Reproduce the whole listing that follows, exactly as it stands.

Data provided:

[Start of section]

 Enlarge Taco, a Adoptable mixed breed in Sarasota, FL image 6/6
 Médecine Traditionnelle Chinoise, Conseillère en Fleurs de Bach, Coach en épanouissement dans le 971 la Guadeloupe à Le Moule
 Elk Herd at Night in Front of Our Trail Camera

[End of section]

Solution for this exercise:
 Enlarge Taco, a Adoptable mixed breed in Sarasota, FL image 6/6
 Médecine Traditionnelle Chinoise, Conseillère en Fleurs de Bach, Coach en épanouissement dans le 971 la Guadeloupe à Le Moule
 Elk Herd at Night in Front of Our Trail Camera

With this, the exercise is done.